A conveniência e a oportunidade são os elementos utilizados na técnica discricionariedade na formação do mérito, seu resultado final, a fim de satisfazer um interesse público específico contido no texto normativo. Enfim, a discricionariedade define os aspectos que devem ser deixados ao juízo de oportunidade da administração, passando o mérito a conter todos os aspectos edificados pelo binômio conveniência-oportunidade(35).
O mesmo não acontece no processo administrativo, onde o mérito tem sentido similar a do processo civil, ou seja, o conteúdo da lide, como entende José Cretella Júnior(36). O mérito do processo administrativo está sujeito a amplo exame judicial(37).
A competência poderá estatuir que, dentre vários atos legalmente possíveis, "tenha o administrador a faculdade de escolher aquele que julgue mais conveniente e oportuno, bem como de determinar a feição concreta que o ato deverá ter"(38).

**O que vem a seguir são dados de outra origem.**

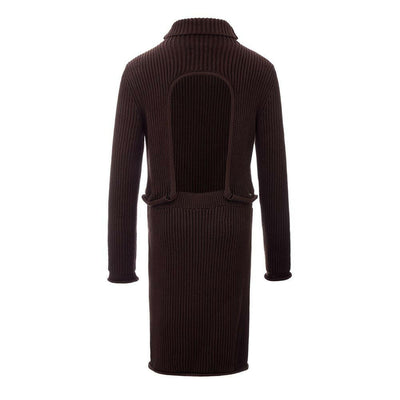 Bottega Veneta Brown Viscose Casual Dress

O poder de escolha está relacionado com o "se" e o "como" da ação administrativa ou com ambos(39). O poder discricionário sempre se manifesta no âmbito da conseqüência jurídica, existindo uma forma de poder discricionário que se identifica na decisão relativa à adoção ou não de uma medida determinada; e outra, que se refere apenas com a escolha do ato a ser praticado, dentre as alternativas cabíveis(40).